[[ Dataset content, beginning ]]

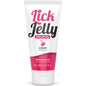 INTIMATELINE - LICK JELLY LUBRICANTE CEREZA 50 ML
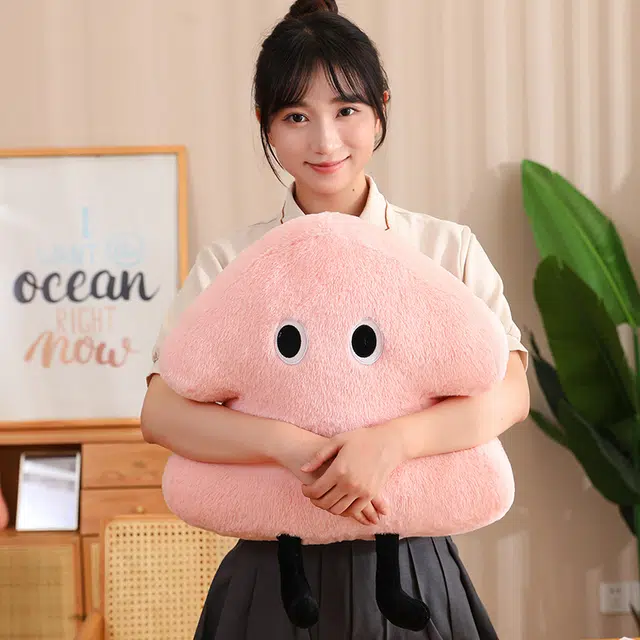Tak bebe 43cm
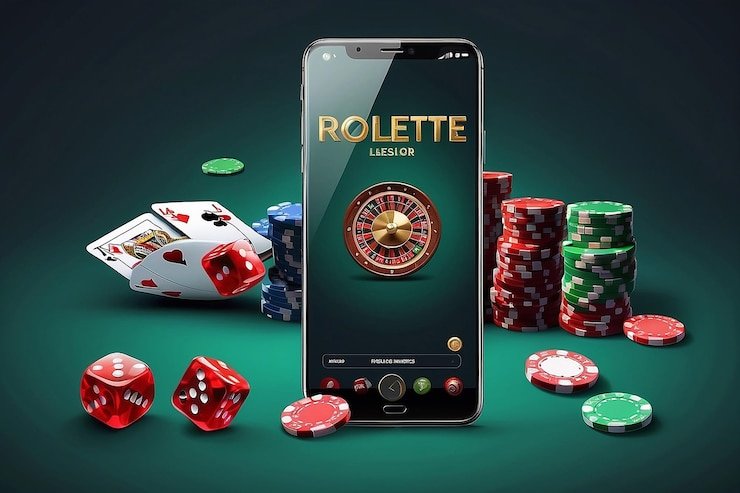 Teen Patti hand ranking display on linklist togelup live-dealer table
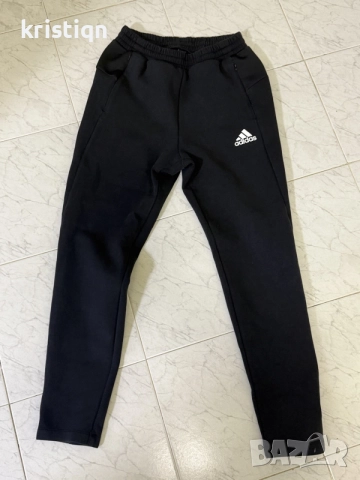 Оригинално Adidas спортно долнище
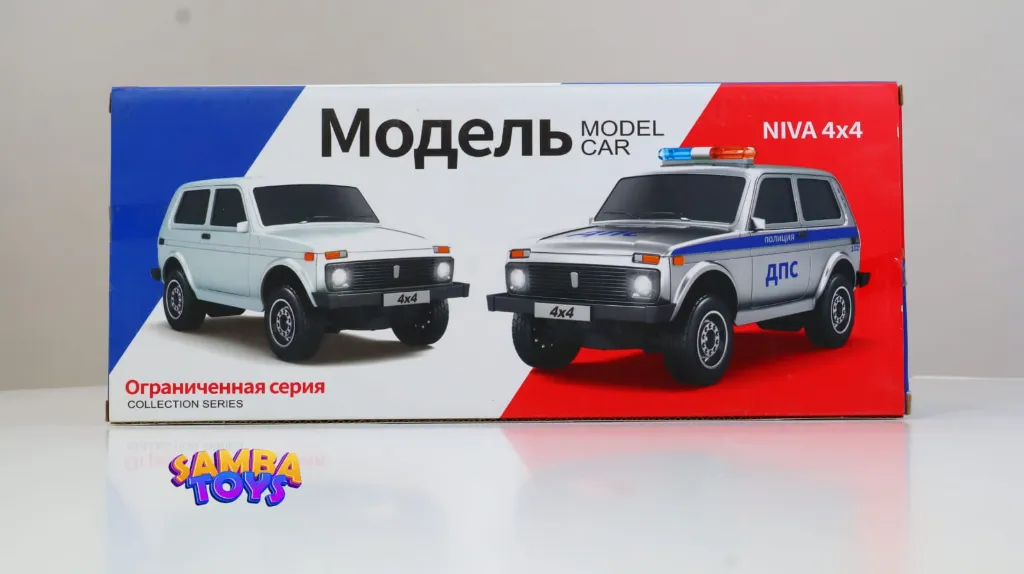 WhatsApp Image 2026-01-28 at 5.01.13 PM (3).webp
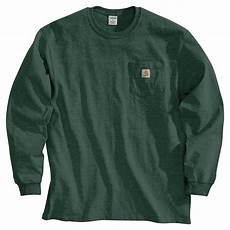 Carhartt Pocket Tee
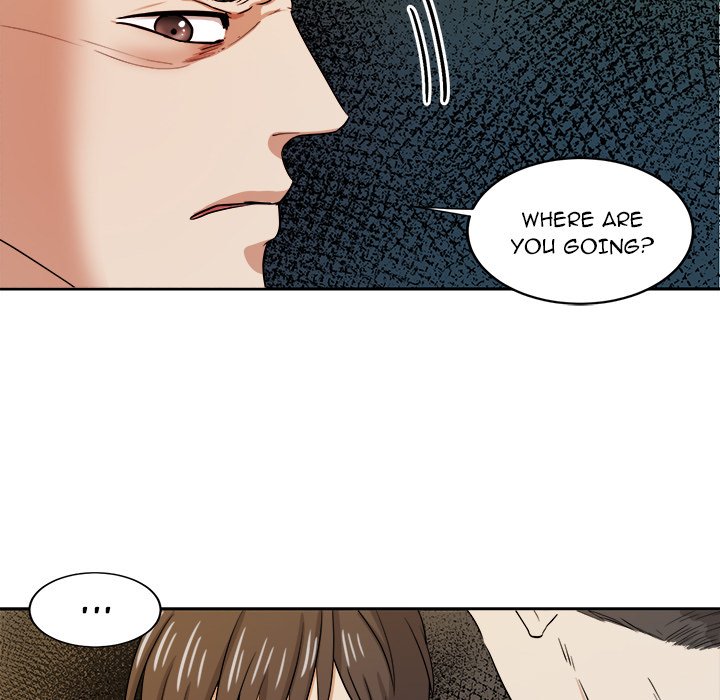 I Like You I Like You EP 42 - Toomics page 43 - 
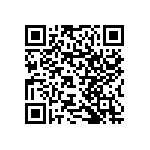 RNCF1206DTC590K QRCode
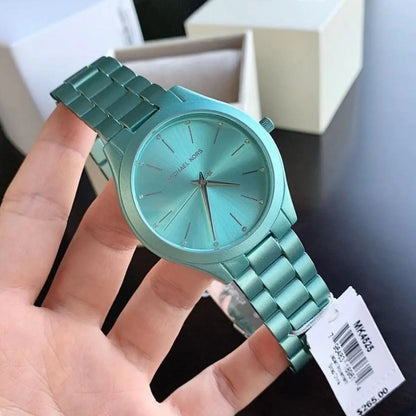 M&K Women's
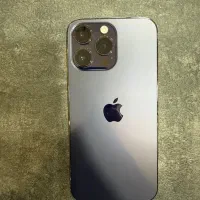 iphone 14 pro max 256 zaa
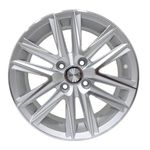 LLANTAS-15X6.0-4X100-ET35-CB73.1-SILVER-IV60634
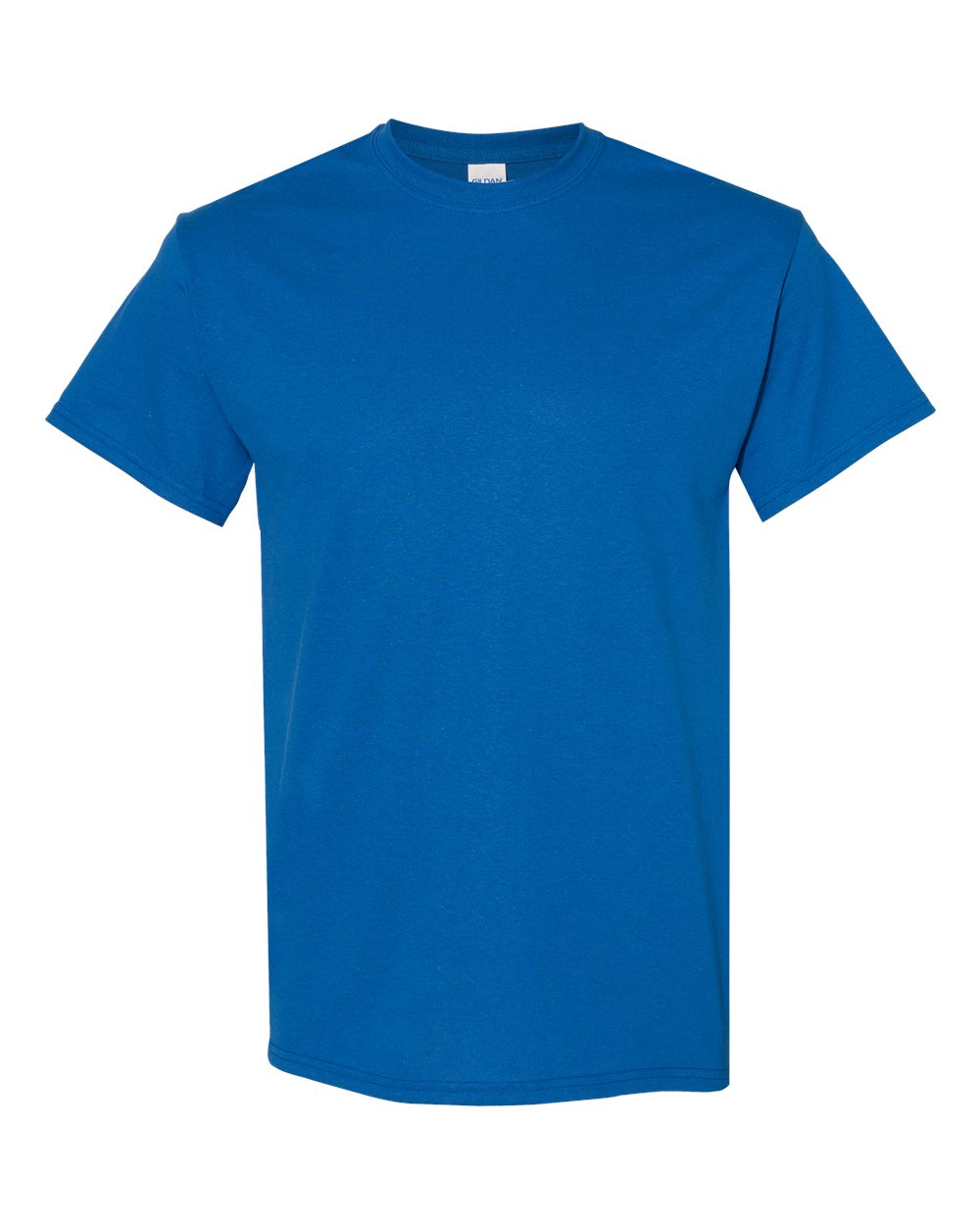 Adult Tee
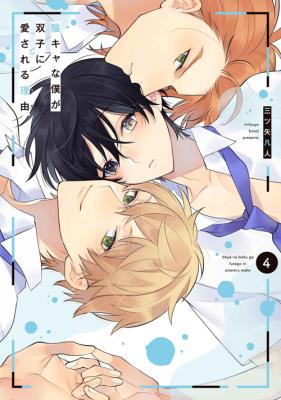 Series Image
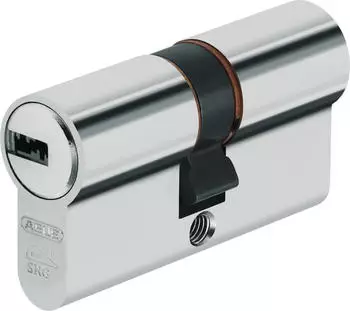 ABUS XP20s 73726
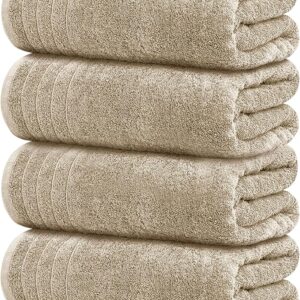 decent_towel_Viscous biedge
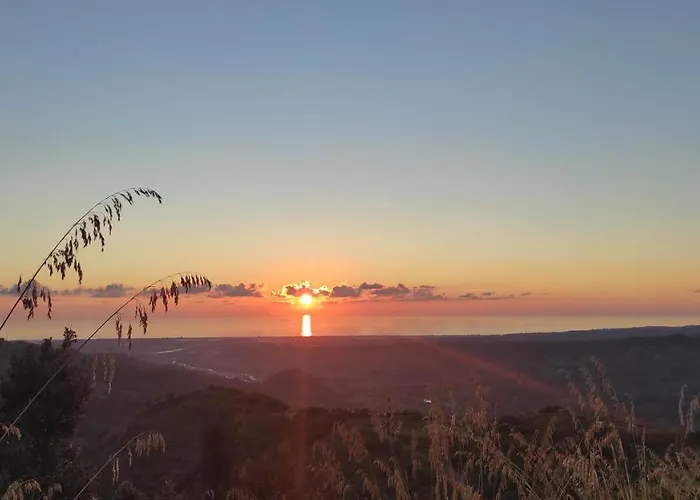 Casa de hóspedes Al Castello 3*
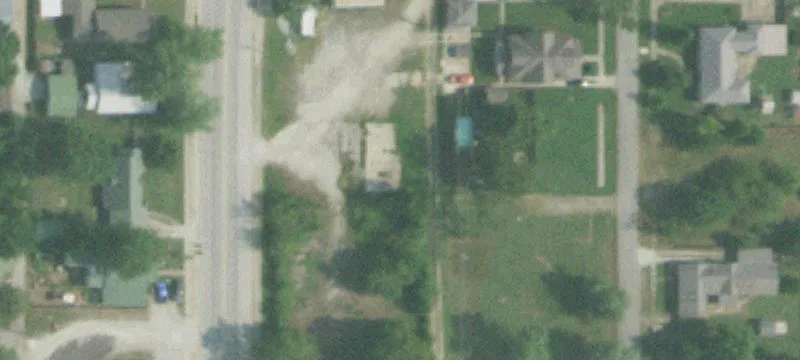 204 Main St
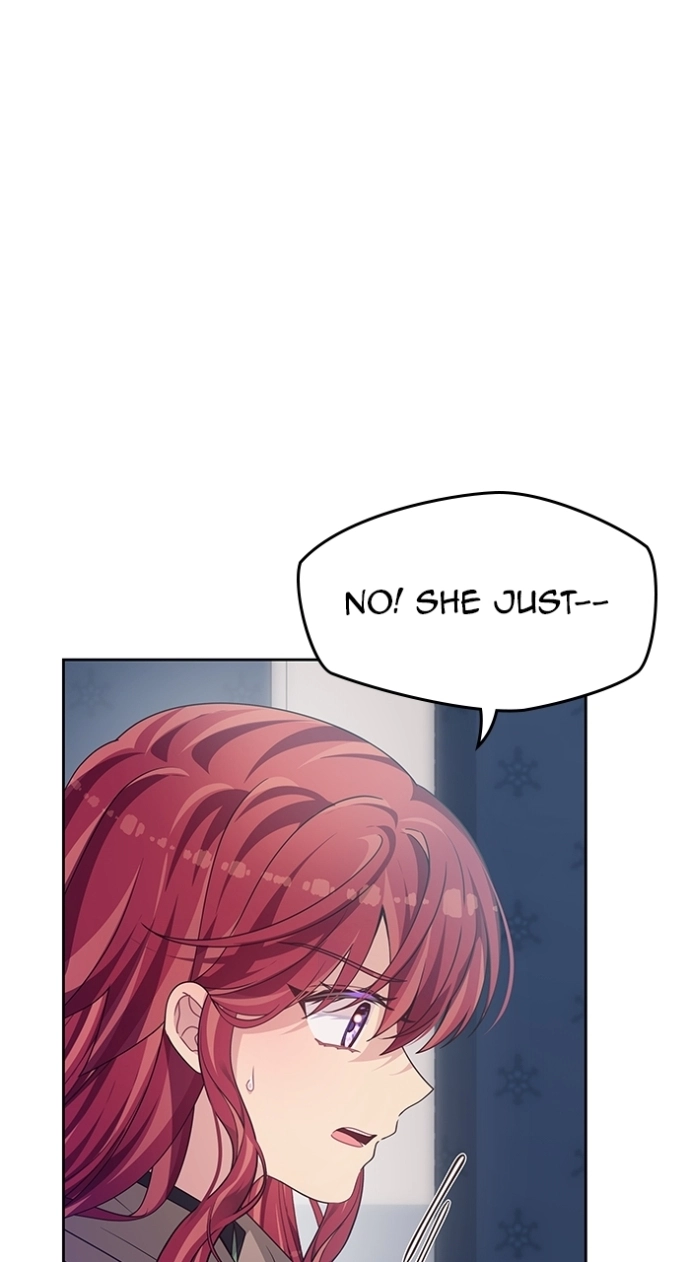 When Two Villains Meet Chapter 111 page 45 -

[[ Dataset content, end ]]

• [Aim of the task]
Nothing but an exact copy is needed, covering the lines from the line with "Tak bebe 43cm" through the last line of the entries, pictures excluded.

• [Task output]
Tak bebe 43cm
 Teen Patti hand ranking display on linklist togelup live-dealer table
 Оригинално Adidas спортно долнище
 WhatsApp Image 2026-01-28 at 5.01.13 PM (3).webp
 Carhartt Pocket Tee
 I Like You I Like You EP 42 - Toomics page 43 - 
 RNCF1206DTC590K QRCode
 M&K Women's
 iphone 14 pro max 256 zaa
 LLANTAS-15X6.0-4X100-ET35-CB73.1-SILVER-IV60634
 Adult Tee
 Series Image
 ABUS XP20s 73726
 decent_towel_Viscous biedge
 Casa de hóspedes Al Castello 3*
 204 Main St
 When Two Villains Meet Chapter 111 page 45 -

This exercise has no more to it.